Тяжёлая мощь исторической поступи: разворачивается «Державный», отправляя, или погружая во времена второго объединения Руси вокруг Москвы; времена, отделённый от нас плотным мерцанием веков, сложно трактуемые, забываемые…
Густо-медовое письмо Александра Сегеня, словно стремящегося речью приблизить к нам былое, одновременно раскрыв таинственный код истории: будто вычислить исторический икс, от которого столь многое зависит.
Туман рассеивается: на сцену современности выходят многочисленные персонажи: - Дмитрия Шемяки, Василия Темного, Софьи Палеолог, Нила Сорского, Ивана Молодого, Федора Курицына: и каждый показан выпукло, объёмно, с индивидуальной спецификой жизни: какова разница между Нилом Сорским, поэтом скитского житья, и Дмитрием Шемякой! и звучат архаические словеса, изящно вплетаемые в тугую ткань повествования; и зреют, наполняясь метафизическим соком, гроздья событий, определивших дальнейшие пути развития.
На другом полюсе мира, создаваемого Сегенем – «Похоронный марш»: жизнь московского двора, котел пространства вечно варит множественные варианты судеб, подсаливая трагедией; повествование в рассказах, и двор прост, далёк от элитности, и короткие рассказы могут показаться бесхитростными… ан нет, в том-то и вся хитрость: в капле простого сосредоточено столько жизненной сложности, космос заключён в каждом из нас; и повествование, ведущееся от первого лица одного из обитателей оных дворов, словно перебирает людей, как бесконечные чётки высших планов.

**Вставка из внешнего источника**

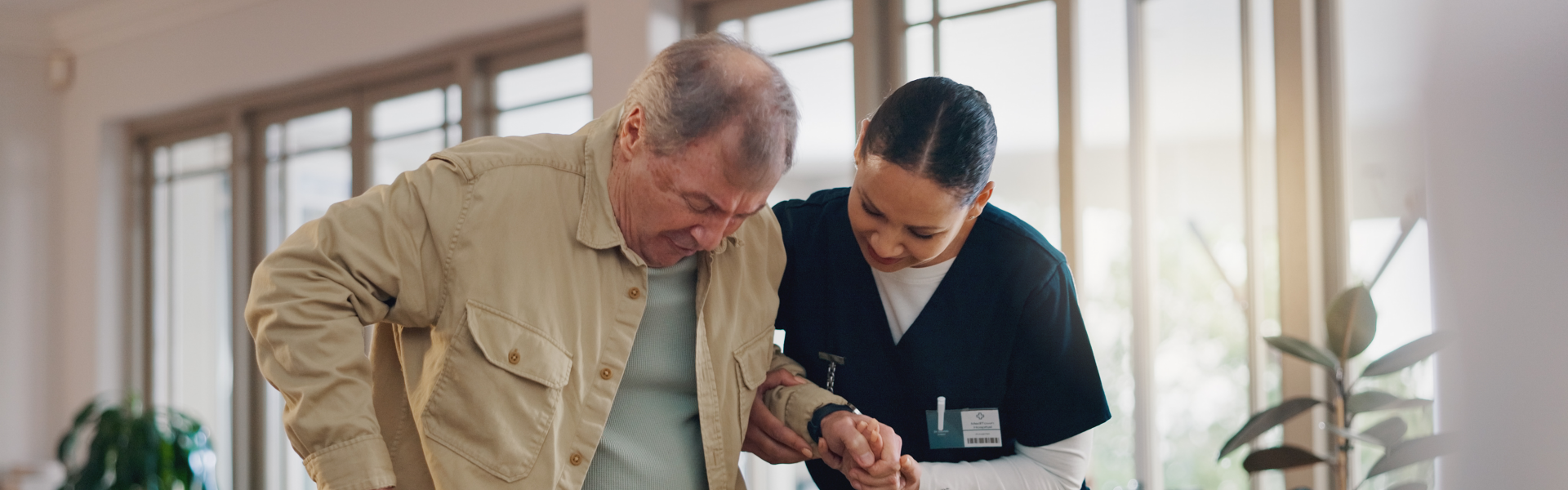 woman assisting elderly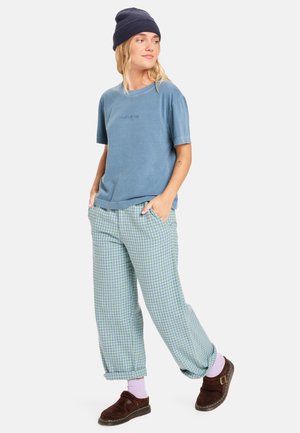 Blauwe katoenen t-shirt met korte mouwen, gecombineerd met lichtgroene geruite broek. Model draagt een marineblauwe beanie, paarse sokken en bruine klompen.
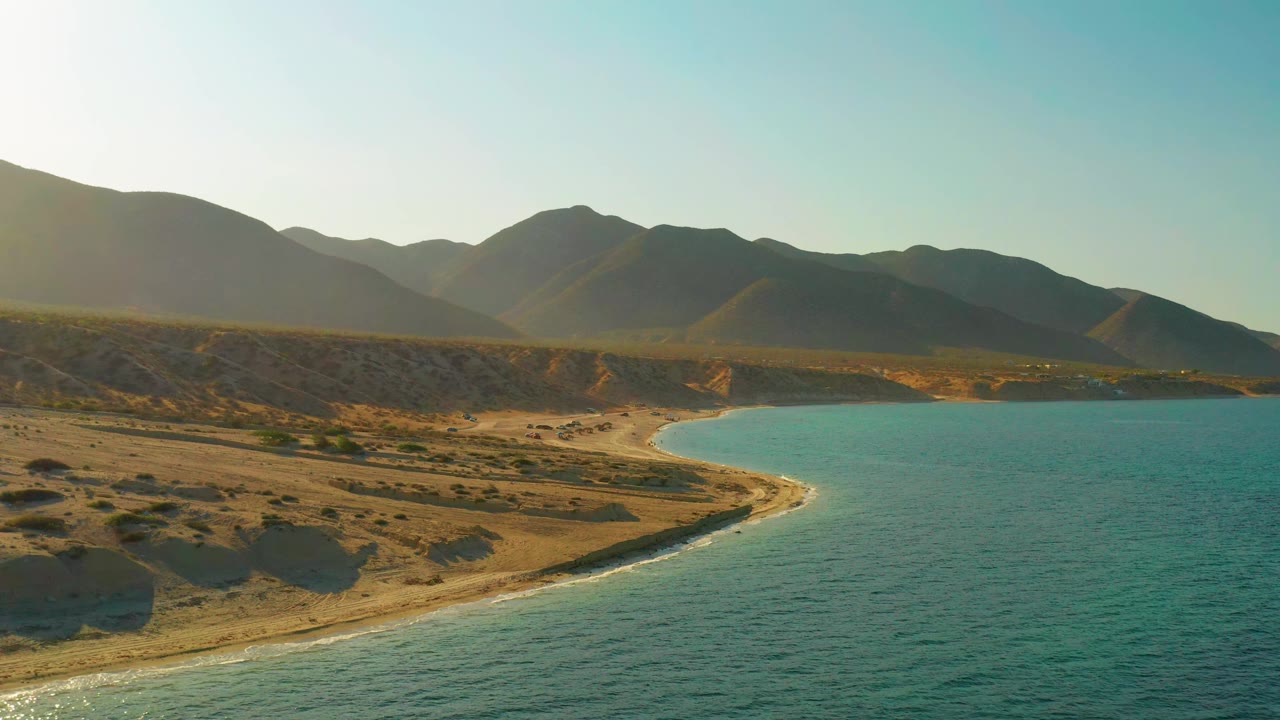 El Sargento La Ventana aerial frame with the cove centered, blue-green water filling the right side, tan shoreline below, hazy mountains behind, and no visible people.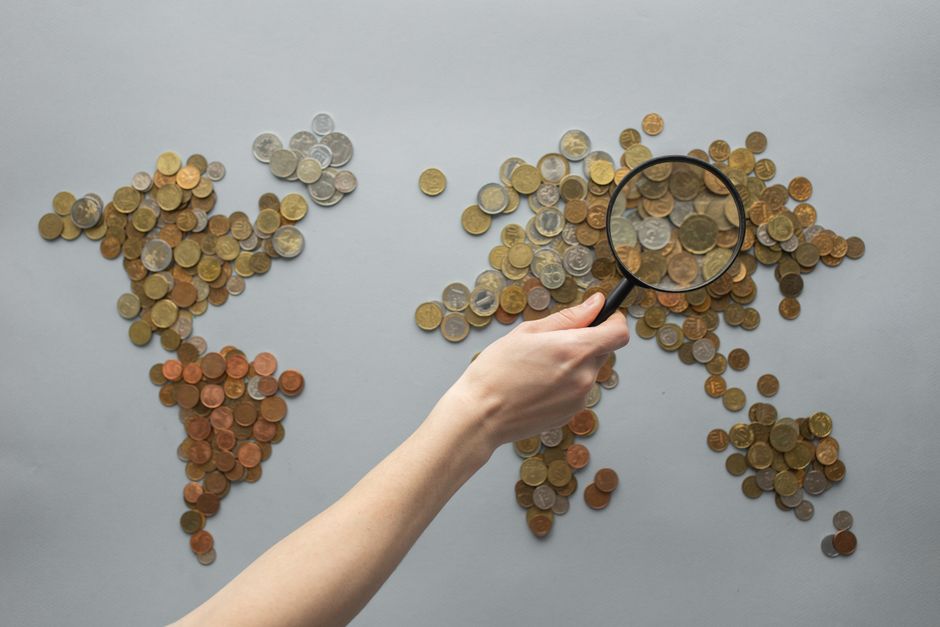 A shopping cart surrounded by different currency symbols on a world map background, representing international deal comparison.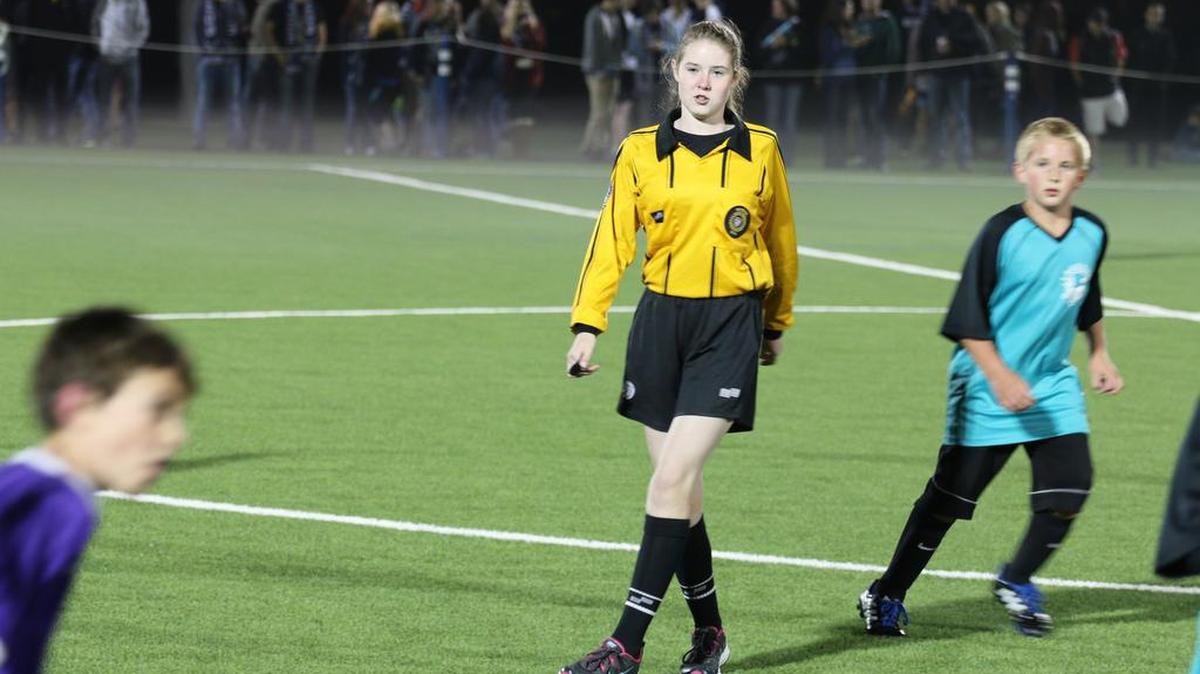 
Jozlin Peterson referees an exhibition match for Whatcom Youth Soccer on Sept. 2, 2014, at Western Washington University’s Robert S. Harrington Stadium.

От человека к человеку: и превращается на время каждый, попавший в объектив внимания, в главного, и мелькающие картинки не замысловатого, простецкого быта, таят второй план – могучий, с колышущейся бездной, и раскрывающий суть литературы: постигать, используя словесный инструментарий, величественную суть бытия.
…поп – жёсткое слово; но язык, которым живописуется сильная, сложная, стоическая жизнь, может быть мягок, представляя весь жизненный срез вкусно, с массою колоритных подробностей.
Сцены выписываются пестро: так, чтобы в них можно было войти, пропитываясь сочувствием, или… равняя свою жизнь под мужество персонажа.
Псковская православная миссия в годы Великой Отечественной войны; спасение жизни тем, кого с ярой неотступностью разыскивает гестапо, дети-сироты, принятые в семьи, сбор средств для поддержки советских военнопленных…
Вера ведёт.
Стяг её не зримо развивается на онтологическом ветру бытия.
…да пребудет свет в ваших душах!
Снова разворачиваются ленты истории: возникает образ Тамерлана: Железный хромец, промчавшийся в недрах истории…
Колорит приключений завораживает: равно и мера исторического антуража, не слишком привычного нам, нынешним.
История естественна для Сегеня: словно ощущает сердцем сердца, насколько всё едино, и как ложатся блики далёких времён на волхвование современности.
Густо и плотно, разнообразно и щедро дарит выстроенный им литературный мир читателю: дарит, полагая миссию литературы столь же высокой, сколь и далёкой от «развлекалова», обращённой к главному делу человека – росту души.